Tuesday, April 17, 2012

The discovery of longitude

Marc had one sightseeing request for our trip to England.
Besides visiting our grandson and the graves of his ancestors, he wanted to visit the time museum in Greenwich where they apparently celebrate the discovery of longitude.
At least that's the way I see it.
They already had latitude but they needed longitude in order to properly and safely navigate the seas.
No one had figured out how to know where they were on the open water and they were limited by having to sail along the coasts.
Marc had read a book about how it all came about and he thought it would be so cool to see the John Harrison's clocks for real.
I was unimpressed with the plan.
I wanted to shop and go to the London Zoo and shop and go back to Queen Anne's Dollhouse and shop and see Buckingham Palace again and shop.

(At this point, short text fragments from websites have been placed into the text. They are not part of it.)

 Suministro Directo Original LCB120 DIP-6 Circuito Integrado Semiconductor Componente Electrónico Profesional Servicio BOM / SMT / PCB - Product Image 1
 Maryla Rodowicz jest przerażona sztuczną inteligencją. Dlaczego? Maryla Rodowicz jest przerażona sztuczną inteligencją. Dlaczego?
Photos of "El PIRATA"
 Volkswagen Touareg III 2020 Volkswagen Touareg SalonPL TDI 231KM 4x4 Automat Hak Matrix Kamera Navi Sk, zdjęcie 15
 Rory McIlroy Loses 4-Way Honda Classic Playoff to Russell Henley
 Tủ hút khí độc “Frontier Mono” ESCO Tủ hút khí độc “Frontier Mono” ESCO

So on a cold and rainy day we set off to find the National Maritime Museum.
Me with a good attitude
It was a long walk from the North Greenwich underground station to the Royal Observatory on the hill next to the museum.
Added in was the construction which blocked the footpath and it became an even longer jaunt.

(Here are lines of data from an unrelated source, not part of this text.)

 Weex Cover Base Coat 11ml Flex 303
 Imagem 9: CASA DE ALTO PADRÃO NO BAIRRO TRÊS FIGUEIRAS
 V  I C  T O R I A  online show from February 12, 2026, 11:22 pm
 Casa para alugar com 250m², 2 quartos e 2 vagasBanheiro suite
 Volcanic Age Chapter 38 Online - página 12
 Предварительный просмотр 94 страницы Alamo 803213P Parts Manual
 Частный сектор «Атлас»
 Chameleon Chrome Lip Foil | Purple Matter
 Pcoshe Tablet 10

I had worn my Teva's with socks to give my feet a break from my other shoes and hadn't planned on the puddles.
Every few minutes or so, my socks became soaked through.

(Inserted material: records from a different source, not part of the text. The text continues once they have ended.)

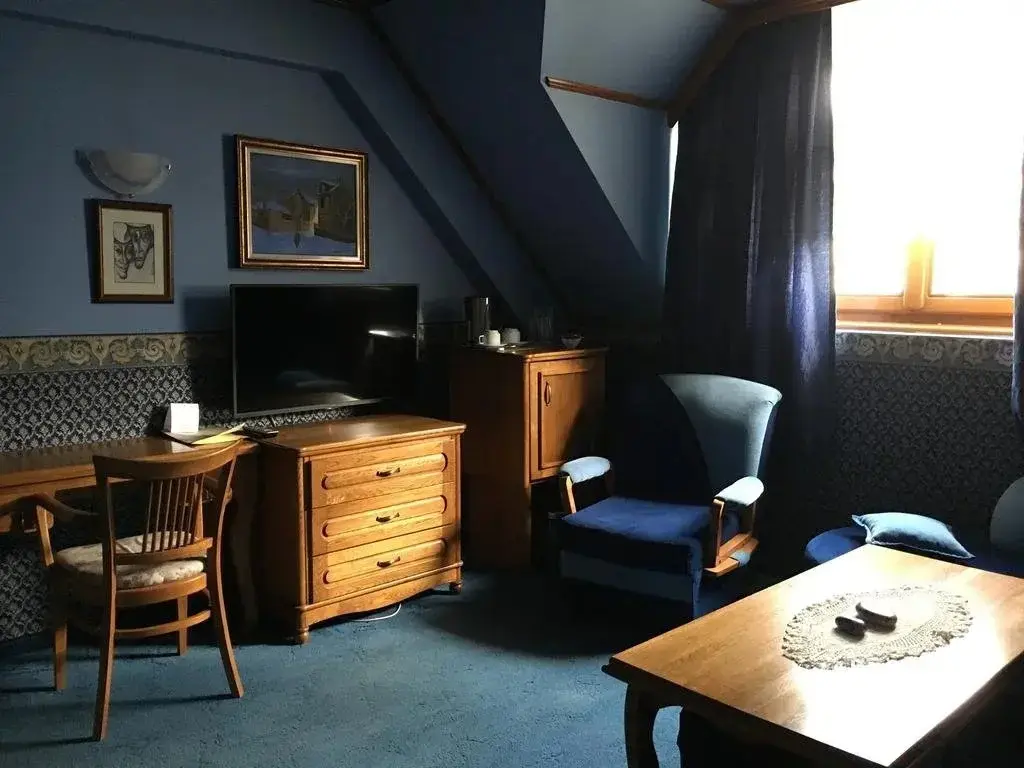 Пловдив: Hotel Odeon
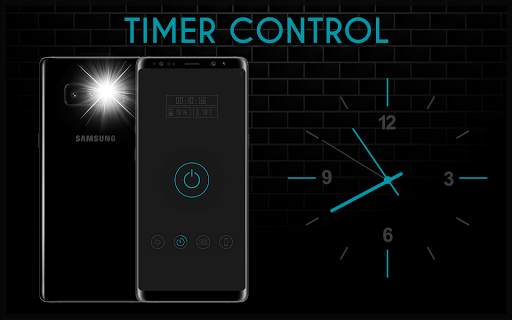 Flashlight HD: Brightest LED Torch   SOS Signal screenshot 3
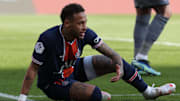 Neymar a fait passer un message avant d'affronter le Bayern Münich ce mercredi. 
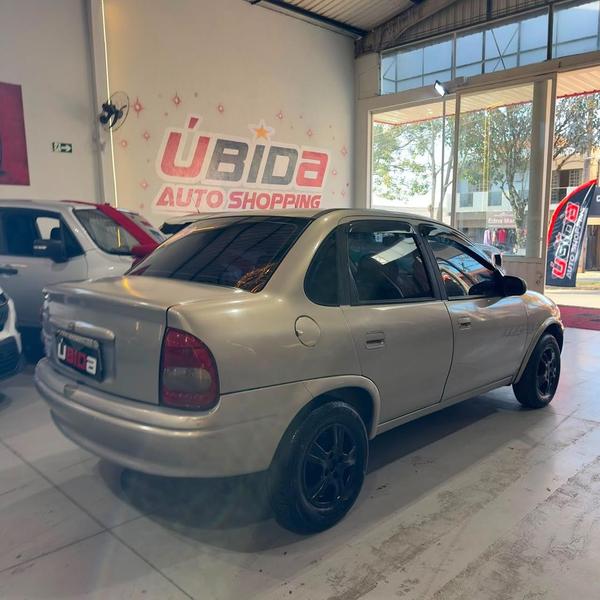 Chevrolet Corsa Classic - foto 3
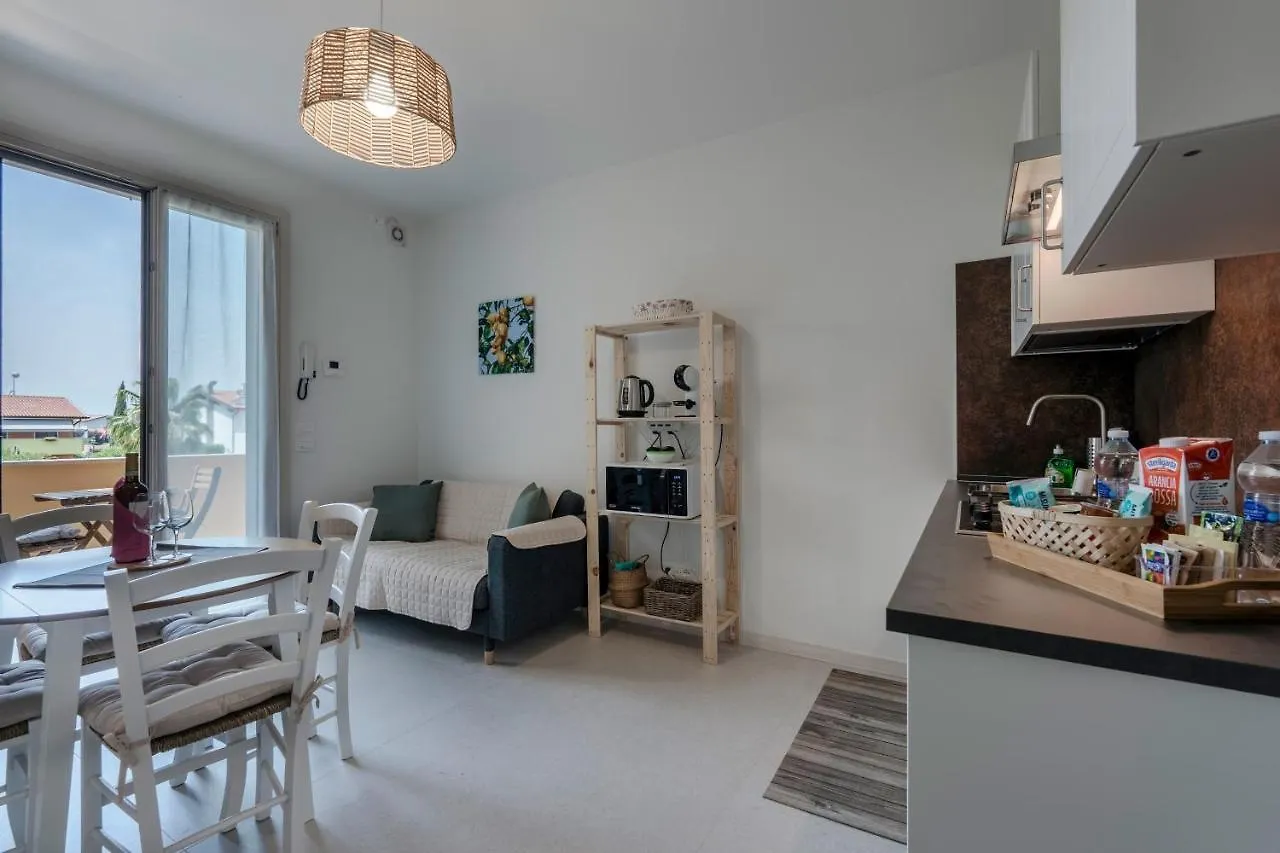 Opera Apartment Sirmione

(I finally came up with this ingenious plan. I bought new, dry socks and kept changing them out with the wet ones, drying the soggy ones in the bathroom hand-dryers when I could.)
It was miserable.
I was cold and wet and bored.
I tried to generate some enthusiasm but I couldn't come close to matching Marc's even when we got to stand on two meridians at once (outside, of course).
I did kind of like the cafe where it was warm and slammed with people trying to get out of the rain.
And I really liked the lady who talked about her grandfather who went around in the ....1800's...selling the time.
I suppose I'm better educated for having gone and if I ever have to answer a TV trivia question about longitude, I can probably get it right. (It's the angular distance on the earth's surface, measured east or west from the prime meridian at Greenwich, England, to the meridian passing through a position, expressed in degrees (or hours), minutes, and seconds.)
But when people ask me what I did in England that I enjoyed the most, this isn't it.


  1. You are such a good wife!!! I'm very proud of you. I would have totally gone back to the Queen's dollhouse - that was one of my favorite memories of England.

  2. We have to keep these husbands happy, huh?